Palate: Lots of oak and menthol! Bites you a bit, I have to say. A lot of quince jelly too, which I love, but the oak really is massive. You have the impression of quaffing walnut stain, in a way. With water: much, much better. The oak remains there and keeps biting you a bit, but the expected notes of tar, olives and polish manage to come through.

Finish: Very long, oaky, mentholy, with drops of salted Grand-Marnier.

Thoughts: Another one that takes your tongue hostage if you’re not careful, but water helps loosening up the ties.

Review by "Marco" Score: 92

Another rum from the closed Caroni distillery of Trinidad. In a few years Trinidad will be as good as dead, when it comes to decent rum bottlings. This bottling consisted of 6600 bottles. That's quite a lot. Colour: Very dark amber.

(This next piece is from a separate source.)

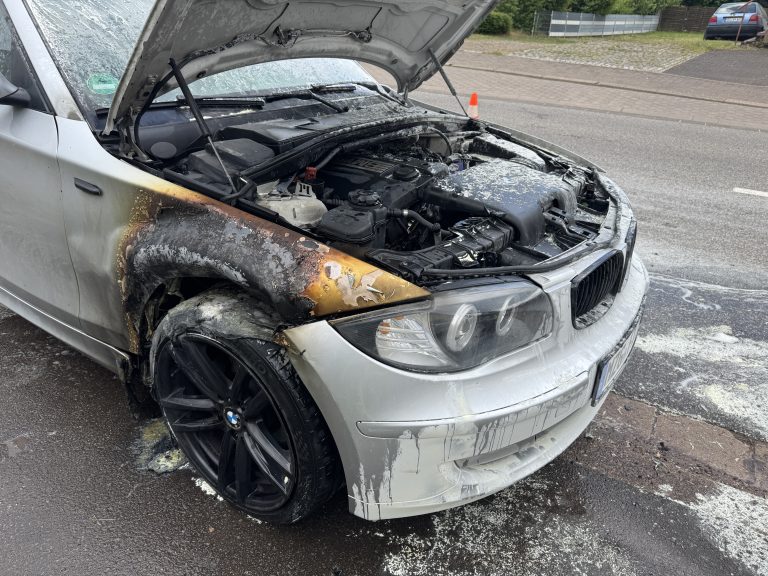 brennender PKW in Oppen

Nose: Strong flowers and tar, interwoven with an adhesive aroma are dominating the nose. Fine vanilla and herbs are also perceptible. Regarding fruits I only recognize mangoes and papayas garnished with butter. The alcohol stings slightly in the nose. Deep in the glass: toffee, caramel sweet, faintly banana and oak interwoven with tar. A very mature and serious (heavy) Caroni. With water there are now clearly spices besides the flowers and tar. The alcohol burns only discreetly in the nose. The rum has been tamed. I smell star anise and cloves. In addition there are oak, old leather, caramel and toffee. The nose is now slightly sweet. On fruits I smell only some faint ripe bananas and papayas.

Palate: At first a light sweetness mixed with a slight acidity. The rum is burning on the tongue. Then currants, tar, flowers and oak flavors. The rum loses enormously of his power after some time in the mouth. The flowers and tae flavours are becoming more stronger. The sweetness diminishes and disappears gradually. I taste and star anise, bitter herbs, sweet toffee, caramel and leather. The Rum tastes even after more than a minute in the mouth of flowers and tar flavours. Weak nuances of apricots. With water sweet flowers and tar flavours are rushing over the palate. The alcohol burns now very gently in the mouth. Currants, apricots, sweet toffee and caramel come are gradually appearing. The fruit is now a bit more present on the palate. Barrel aromas such as oak, old leather, star anise and cloves. The sweetness and the fruit disappear after a short time and the tar flavours are getting stronger.

Finish: Flowers and tar flavours form the beginning. There are also bitter herbs, toffee and caramel. Tar and flowers stay long on your palate. Of fruits you can taste only briefly some apricots and bananas. With water strong flavours of tar at the beginning. Then flowers and oak flavours with minimal bitterness from the barrel. Again, I taste apricots.

Thoughts: A "fresh and dirty" Caroni, who plays in the "Upper League". I will definitely remember this one when all Caroni bottlings are gone forever. The current state of the rum industry of Trinidad is only to be morne. What a shame.